A petition on GitHub is asking Adobe to release Flash into the hands of the open-source community. Finnish developer Juha Lindstedt started the petition a day after Adobe announced plans to end Flash support by the end of 2020.
"Flash is an important piece of Internet history and killing Flash means future generations can't access the past," Lindstedt explains in the petition's opening paragraph. "Games, experiments and websites would be forgotten."
The developer wants Adobe to open-source Flash or parts of its technology so the open-source community could take on the job of supporting a minimal version of the Flash plugin or at least create a tool to accurately convert old SWF and FLA files to modern HTML5, canvas data, or WebAssembly code.
The entire purpose of this project is to make sure a large chunk of archived web content, movies, or games doesn't die off in 2020, or in later years as browsers evolve, and the Flash plugin becomes noncompatible with modern tech.

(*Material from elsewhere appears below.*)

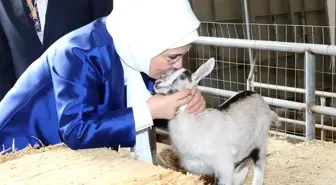 Emine Erdoğan Bahreyn'de Sosyal Yaşam ve Meslek Edindirme Merkezini Ziyaret Etti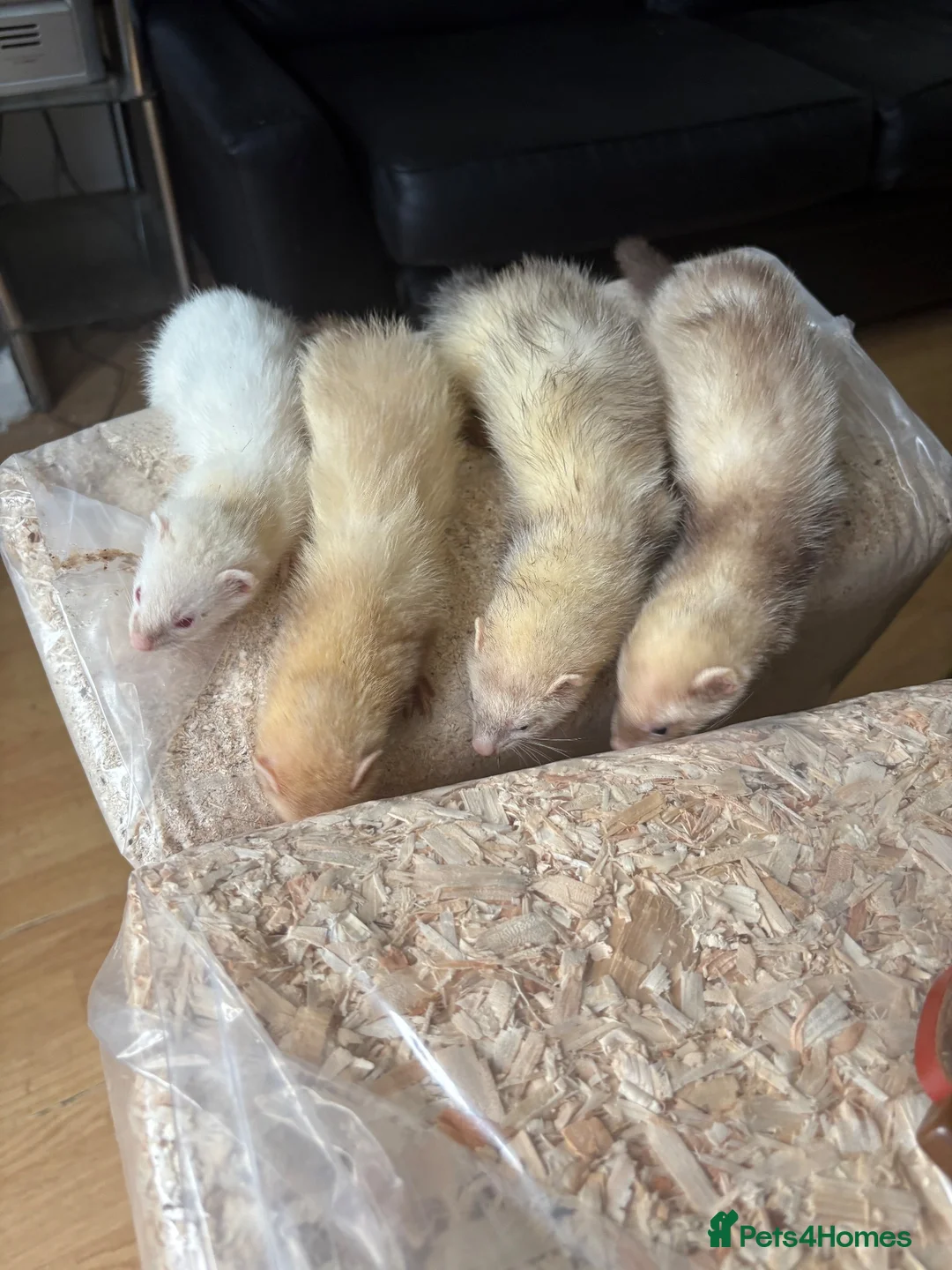 Ferret rodents for sale: Ferrets for sale - Advert 2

"Another possibility would be to have a separate browser," said Lindstedt about possible avenues to support older Flash content. "Don't know how, but that's the beauty of open source: you never know what will come up after you go open source!"
"We understand that there are licensed components you can not release. Simply leave them out with a note explaining what was removed. We will either bypass them or replace them with open source alternatives," the developer also added.
Lindstedt is asking users to sign the petition by starring the project on GitHub. At the time of writing, the petition has garnered over 3,000 stars.
Reaction from the open-source community has been mixed, with some praising Lindstedt's efforts to save a part of our collective Internet history, while others have used Flash's many security flaws to urge the developer to let it die forever.
Apple, Facebook, Google, Microsoft, and Mozilla have announced plans to deprecate and remove Flash from their products by 2020, so by that time Flash and its security issues should be a thing of the past. Flash is currently ranked seventh on a list of most vulnerable products of all time.
"Browsers plan to remove Flash from default configs anyway, so open-sourcing Flash for archival reasons makes sense," Daniel Popa, a former seller of Flash components on the old ActiveDen market told Bleeping Computer in an email today.